The Company and the State of Israel bear 80% and 20%, respectively, of the cost of the Permanent Solution. However, the State's share will not exceed NIS 1.4 billion. For further information, see 18(1) above.
 
  (3)
In connection with the Harmonization Project (to create one global ERP system) which was discontinued in 2016 by a decision of the Company's Board of Directors, in December 2018, the Company filed a lawsuit in the Tel Aviv District Court against IBM Israel, the leading project provider (hereinafter – IBM), in the amount of $300 million (about a billion NIS) for compensation of damages incurred to the Company due to IBM’s failure to meet its undertakings within the Project, which led to the failure of the Project.
 
In March 2019, IBM filed its statement of defense, together with a counterclaim against the Company, according to which IBM claims that ICL allegedly refrained from making certain payments, conducted negotiations in bad faith, and terminated the project unilaterally, in a way that harmed IBM's reputation and goodwill and therefore claims an amount of about $53 million (about ILS 170 million), including VAT and interest. In June 2019, the Company filed a statement of defense with respect to the counterclaim in which the Company rejected all of IBM's claims.
 
In January 2021, IBM filed a request for dismissal including the deletion of the remedies claimed by the Company arising from the termination of the agreement between the parties, which was rejected by the Court in March 2022. In August 2021, the Company filed a request to delete IBM's statements of claim, on the grounds that IBM acted in order to delay, burden and disrupt a professional expert's work, and thus to impair the documents discovery process.
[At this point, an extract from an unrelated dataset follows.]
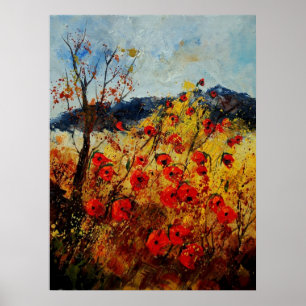 Rote Mohnblumen in Provence 450108 Poster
In March 2022, the Court rejected the request.
 
In September 2024, a concluding pre-trial hearing was held in which it was decided, among other things, to appoint an expert on behalf of the court. In February 2025, the Court notified that it was considering appointing an expert on its behalf and determined that the parties should submit a joint statement by March 2025, which will include the expert's response to the agreed list of questions.
 
In March 2025, the parties notified the Court of their agreement to enter into a mediation process in an effort to resolve the disputes between them. As of the reporting date, the mediation process is ongoing.
 
Considering the complexity of the claims and in light of the transition to a mediation procedure, it is difficult to estimate the outcome. Nevertheless, the Company believes it is more likely than not that IBM's claims in its counterclaim will be rejected.
 
  (4)
In addition to the contingent liabilities, as stated above, as of the reporting date the contingent liabilities regarding the matters of environmental protection and legal claims which are pending against the Group are in immaterial amounts. It is noted that part of the above claims is covered by insurance. According to the Company’s estimation, the provisions recognized in its financial statements are sufficient.